— EXERCISE DETAILS —
Your answer should hold only the lines from the start of the data below through the line with "Senior man standing with his arms folded", copied exactly, with pictures left out.

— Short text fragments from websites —
★ ★ ★ ★ ★ ★ ★

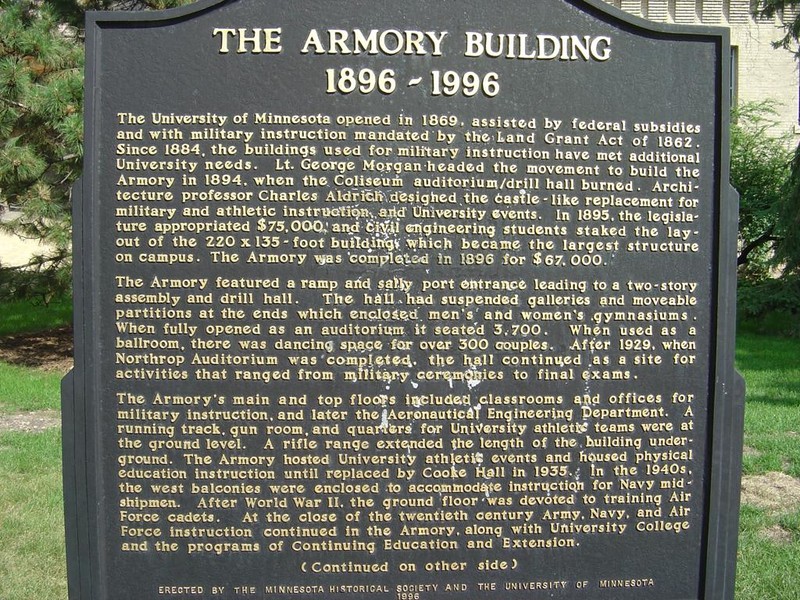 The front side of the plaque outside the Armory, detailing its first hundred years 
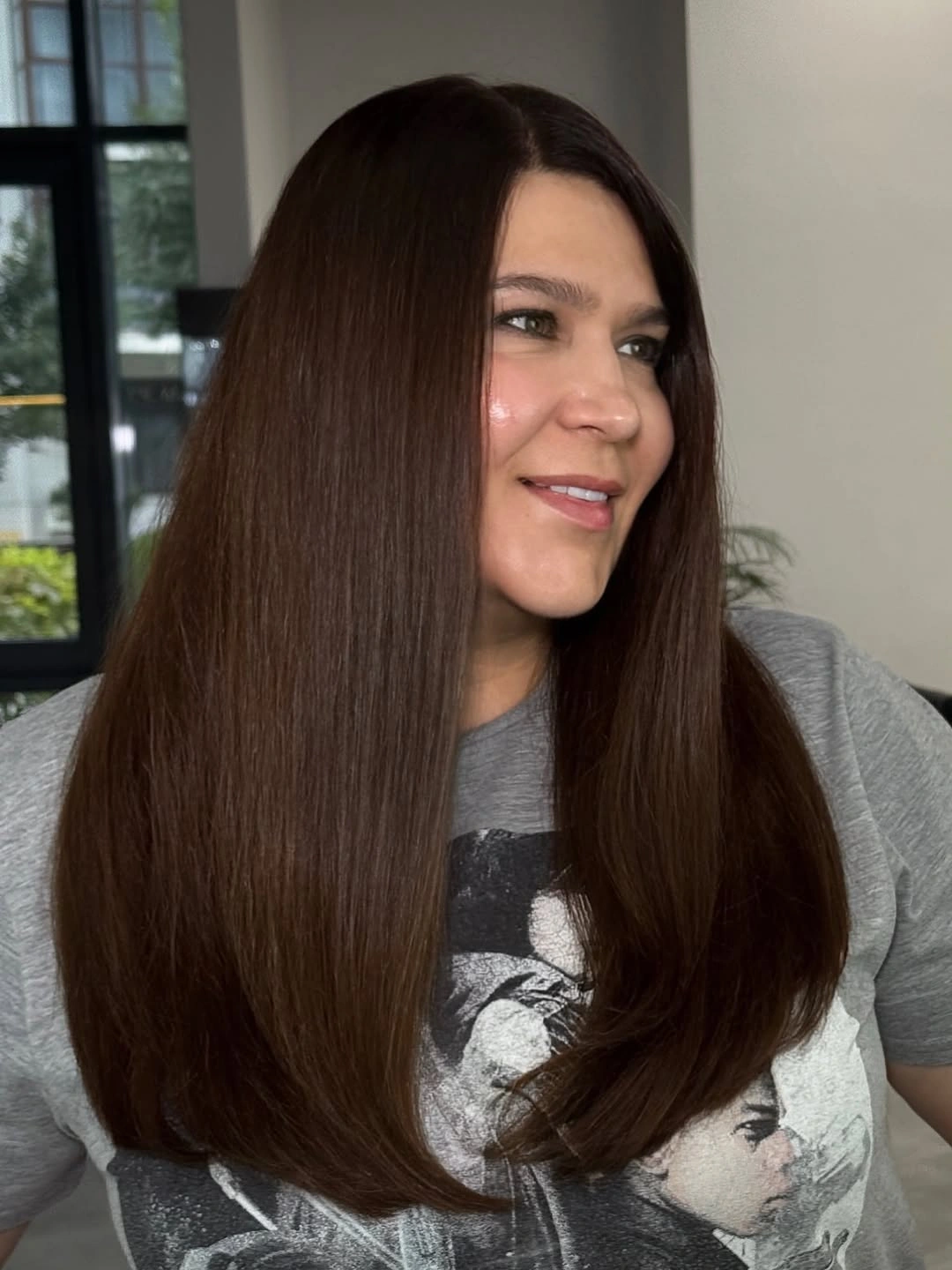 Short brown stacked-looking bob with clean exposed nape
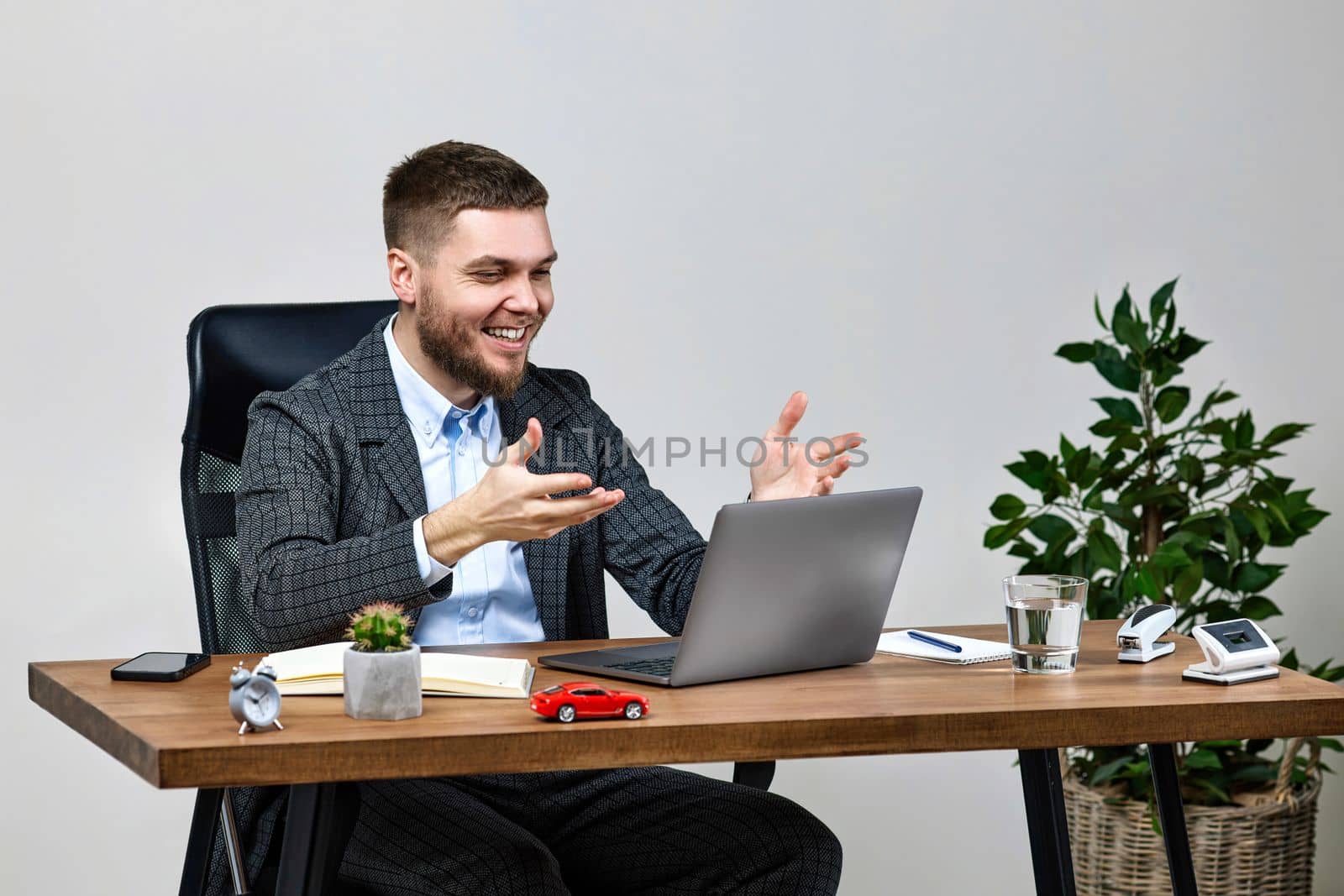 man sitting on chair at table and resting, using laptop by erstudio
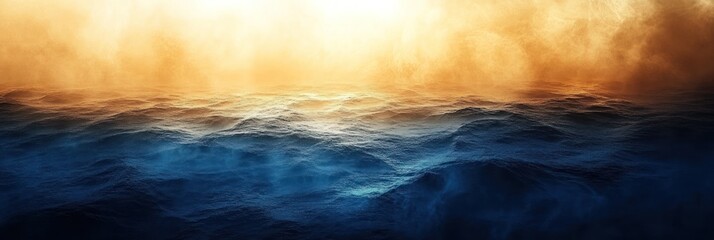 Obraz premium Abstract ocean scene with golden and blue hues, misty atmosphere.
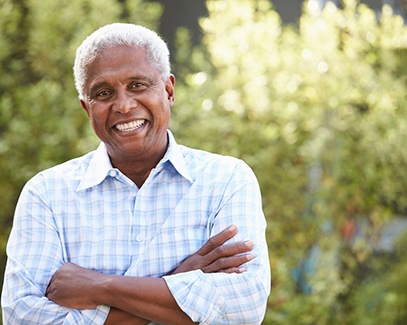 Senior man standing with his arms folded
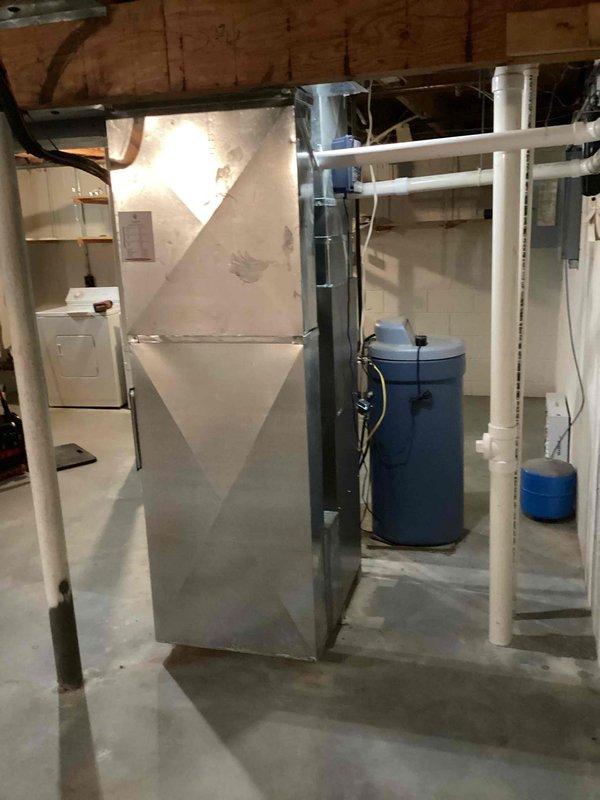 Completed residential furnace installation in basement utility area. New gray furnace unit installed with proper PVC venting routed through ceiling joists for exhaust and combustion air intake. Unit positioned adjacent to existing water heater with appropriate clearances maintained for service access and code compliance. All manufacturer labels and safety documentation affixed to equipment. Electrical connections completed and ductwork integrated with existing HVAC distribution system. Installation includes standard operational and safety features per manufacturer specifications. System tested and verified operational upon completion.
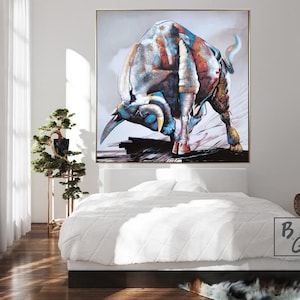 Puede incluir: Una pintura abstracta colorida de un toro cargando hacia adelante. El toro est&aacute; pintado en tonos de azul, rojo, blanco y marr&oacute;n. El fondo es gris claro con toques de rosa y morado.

★ ★ ★ ★ ★ ★ ★

— TASK ANSWER —
 The front side of the plaque outside the Armory, detailing its first hundred years 
 Short brown stacked-looking bob with clean exposed nape
 man sitting on chair at table and resting, using laptop by erstudio
 Obraz premium Abstract ocean scene with golden and blue hues, misty atmosphere.
 Senior man standing with his arms folded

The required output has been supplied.